Samedi soir, l’église toulousaine accueillait l’ensemble vocal À Croche Chœur de Pechbonnieu et les Chanteurs Pyrénéens de Tarbes pour un récital placé sous le signe de l’éclectisme.
Il y en a eu pour tous les goûts. Dans la touffeur austère d’un édifice religieux surchauffé, les deux phalanges réunies par le Rotary Club de Balma ont gratifié l’assistance d’un festival polyphonique haut en couleur, plein d’entrain et d’heureuse diversité. En première partie de soirée, les cinquante chanteurs d’À Croche Chœur, menés par le jeune chef-arrangeur Martin Feuillerac, firent admirer leur polyvalence à travers une programmation aussi riche que variée. La pureté harmonique de la Renaissance tardive (O vos omnes, Gesualdo), les fioritures mozartiennes (Sancta Maria, mater Dei), l’impressionnisme et ses couleurs mordorées (Dieu ! Qu’il l’a fait bon regarder, Debussy), l’évocation joviale des ambiances bavaroises (The Dance, Elgar)… autant de grandes expériences sonores, magnifiées comme il se doit par des exécutants qui, s’ils sont amateurs, n’en connaissent pas moins la musique, et sur le bout des doigts ! Le répertoire sacré tient ici toute sa place, mais le folklore français (Frère Jacques) est également de la partie, à l’instar de la chanson à texte (Bruxelles, Brel), rehaussée par les harmonisations subtiles de Martin Feuillerac, auteur d’un savoureux medley regroupant six des plus fameux titres de Charles Aznavour. Au rayon des curiosités, on repère une ode pacifiste composée par Joseph Kosma (Un jour viendra) et, surtout, une admirable exécution chorale du générique de la série à succès Game of Thrones (The rains of Castamere).L’interprétation du « tube » Hegoak, merveilleux symbole de l’identité basque, clôture la performance sur une note mélancolique. Elle permet à la frange masculine du groupe, largement inférieure en nombre, d’imposer enfin sa patte vocale, et introduit opportunément le second temps fort du concert…
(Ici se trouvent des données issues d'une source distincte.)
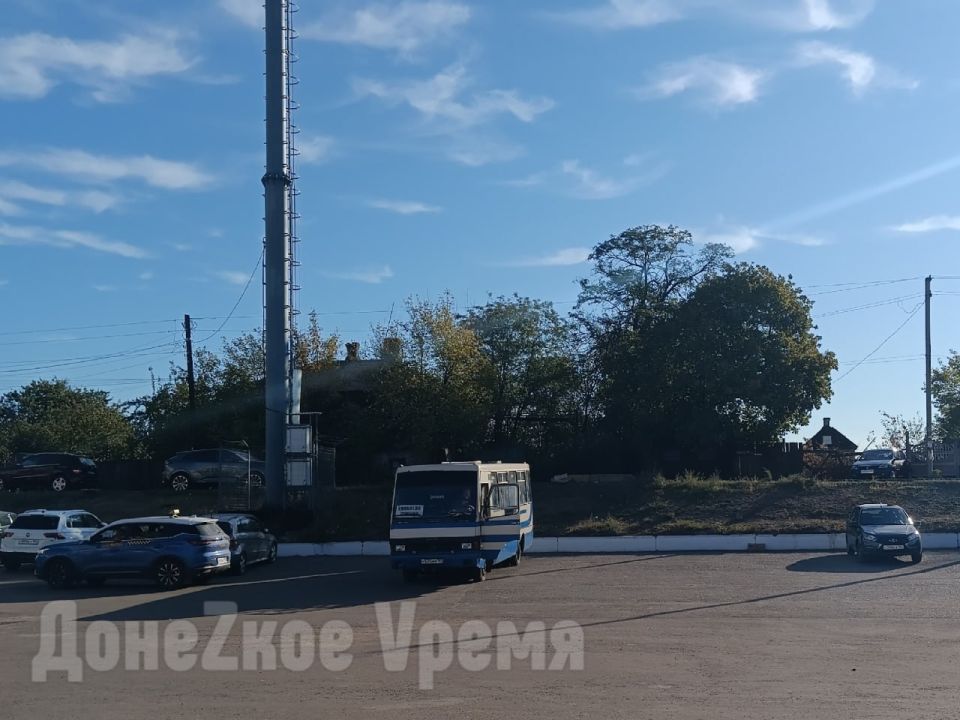 На перекладных и по прямой: беспересадочный рейс «Горловка – Донецк» пока не запустили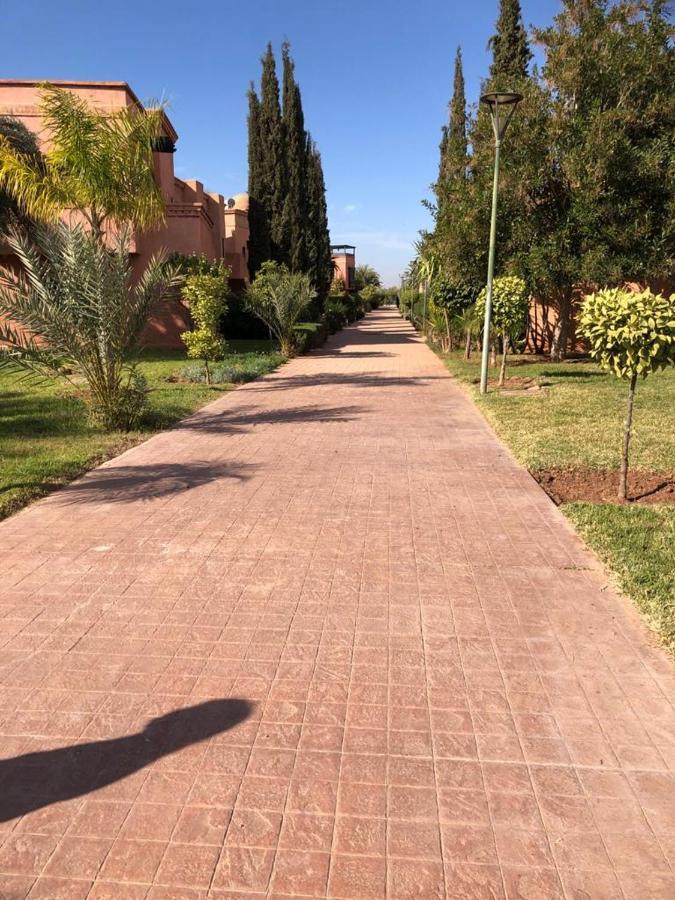 Magnifique Appt Atlas Golf Resort Marrakech Marrakesh Luaran gambar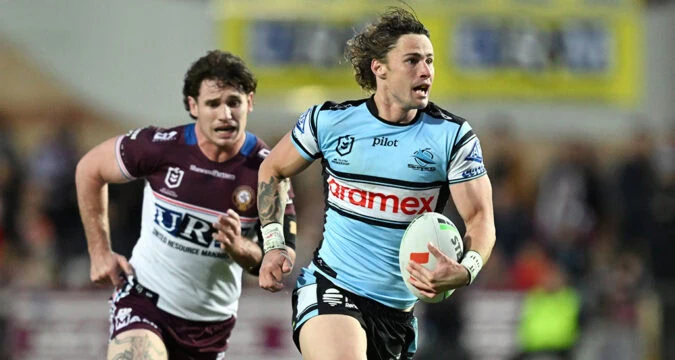 Cronulla Sharks win big at stuttering Manly Sea Eagles – Total Rugby League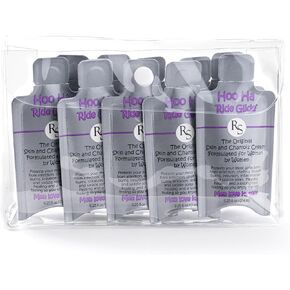 Hoo Ha Ride Glide Chamois Cream for Women, 8 ounce"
On aurait grand tort de ne voir qu’un pompiérisme rustique dans les prestations des Chanteurs Pyrénéens. Car ces interprètes chevronnés, dépositaires ancestraux d’une parcelle de l’âme occitane, révèlent volontiers aux oreilles affutées les trésors de raffinement qu’ils dissimulent sous des abords tonitruants. Bien sûr, le crescendo et le fortissimo restent prépondérants – ils ne furent pas de trop pour affronter l’acoustique ingrate de l’église Saint-François -, mais la science du diminuendo, autrement délicate, est poussée à son plus haut degré de subtilité par la formation de Bernard Noguès, arborant fièrement le costume des guides pyrénéens du XIXe siècle.Tournés vers un même désir d’harmonie, les quatre pupitres (ténors, seconds ténors, barytons, basses) s’accordent pour façonner une osmose unique en son genre, qui n’a pas manqué, samedi, d’exciter la musicalité naturelle des mélomanes toulousains. Le répertoire choisi pour l’occasion respecte les canons du genre : chansons traditionnelles d’Alfred Roland (Montagnes Pyrénées, La chasse à l’Isard), hymnes du « païs » (Se canto), cantiques gascons (Bona mair deu Bon Diu), hommages rendus aux artistes régionalistes (reprise du Simon de Nadau), le tout agrémenté de quelques morceaux de bravoure extraits du patrimoine lyrique international (Va, pensiero ; Gloire immortelle de nos aïeux). La surprise du chef – et quel chef inspiré ! – se trouve constituée par un choix d’airs populaires américains, puisés aux sources du gospel (Oh when the saints ; When the stars begin to fall) et du cinéma (The Rose), qui apportent à la soirée une touche d’exotisme bienvenue. Au final, un moment musical de grand style et un public debout au moment du dernier salut. Merci aux interprètes, aux chefs de chœur et au Rotary balmanais pour cette heureuse initiative, qui en appelle beaucoup d’autres.